Neurofeedback can help find 'the zone' of peak performance

Have you ever had the experience of shooting baskets, suddenly getting "hot" and having every one go in for a certain stretch of time? Often as soon as we realize we are in "the zone," we quickly lose the unconscious rhythm that was propelling us to peak performance. Top athletes seem to have a natural ability to stay in this state for extended periods of time, as described in Mihaly Csikszentmihalyi's "Flow: The Psychology of Optimal Experience."

In interviews, Michael Jordan has described a sense of time slowing down with everyone else moving in slow motion. Hall-of-Famer Ted Williams used to say the baseball would look as big as a basketball with the seams visible as it came across the plate. Ironically, the best performances often feel effortless rather than physically demanding.

Sports psychologists use a variety of mind-body techniques such as visualization to help athletes get into and stay in this state. Decathlete Dan O'Brien hired such a mental coach to help him win the gold medal in the last Summer Olympics after choking in the pole vault four years before.
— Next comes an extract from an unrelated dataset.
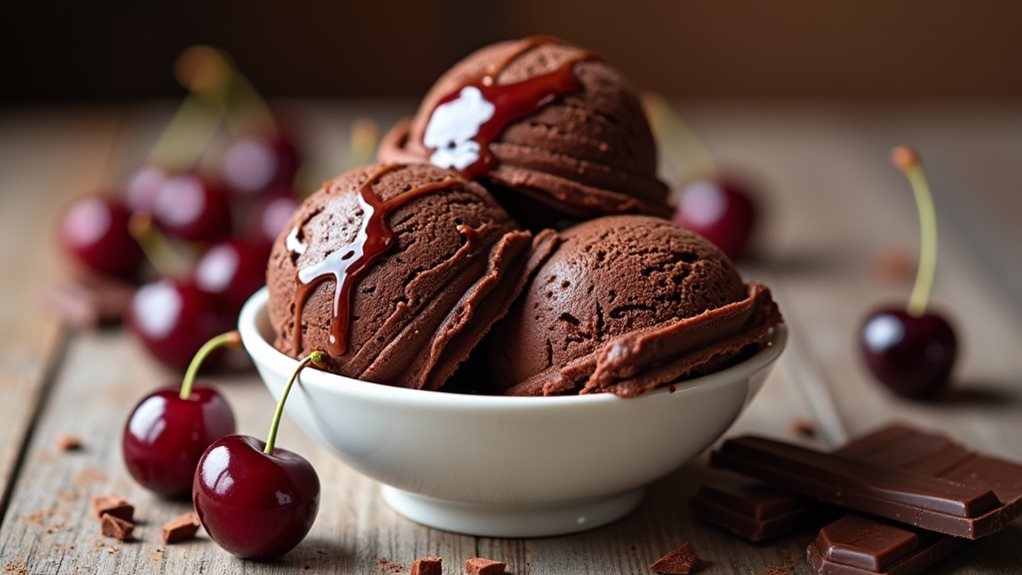 cherry chocolate ice cream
Magic Johnson has said he would often visualize an entire basketball game before stepping onto the court.

One of the most high-tech methods for learning to engage the flow experience is EEG neurofeedback. The NeuroNavigators in Cary have developed an innovative portable system which they bring once a semester to my PE-14: Stress Management and Performance Enhancement class in the Card Gym wrestling room. Using a software program that runs on a laptop computer, they are able to monitor the brainwave profiles of my students in real-time.

The system is calibrated to give feedback in the form of auditory tones through headphones that indicate whether the subject is achieving the desired brainwave pattern. If the alpha state that is often associated with being in the zone is the target, the machine can be set to produce the strongest tones when brain frequencies are in the eight to 12 hertz range. During my first such experience I quickly discovered that what worked best for me was to imagine I was shooting free throws with a rhythmic motion and making every one.

The machine settings can be changed to reinforce brain frequencies between four and eight hertz allowing the subject to stay in a theta state, which is often associated with vivid imagery. This form of consciousness is usually experienced only briefly while dozing off or upon awakening but can be rich in creative potential and inspiration. Thomas Edison was said to exploit this phenomenon for intuitive insights by taking naps while holding ball bearings in his hands so he would awaken immediately upon passing into theta as the bearings dropped onto his desk.

The NeuroNavigators work most frequently with golfers and executives to enhance their ability to perform and solve problems by entering these states. They tell an amusing story about a golfer who wanted to improve his consistency and have more fun playing at the same time. They worked with him in the theta state to help creatively release some unconscious blocks to achieving his goals and then switched to the alpha state so he could practice the perfect stroke.

On his next trip to the driving range after the training he hit the first shot straight and true off the tee and immediately started to giggle. When the experience was repeated on each of the ensuing shots, he progressed to outright laughter, much to the consternation of the other frustrated golfers at the range. His performance in this state of flow is akin to the mystical sports experiences described by Michael Murphy in the human-potential classic, "Golf in the Kingdom."

Drugs can also be used in an attempt to chemically induce such a state of enhanced consciousness, so it should come as no surprise that neurofeedback has been found to be useful in the treatment of addiction. Psychologist Pat Norris of Topeka's Life Sciences Institute of Mind-Body Health has done research with inmates in Kansas prisons demonstrating that their craving for drugs can be significantly reduced through alpha/theta training. The results have been so impressive that the state has now mandated that all prison drug rehabilitation programs must include neurofeedback training.

In the final analysis, neurofeedback is simply a method to teach self-regulation, and there are many other possible paths to transcendent experience including meditation and prayer. In "The Heart of Matter," mystical priest Pierre Teilhard de Chardin describes the smooth flow of sensory phenomena in religious ecstasy in terms similar to an athlete's description of being in the zone, "these countless modifications, instinct with majesty, sweetness and irresistible appeal, followed one another in succession, were transformed, melted into one another in a harmony that was utterly satisfying to me."

Dr. Larry Burk is an associate professor in the Department of Radiology.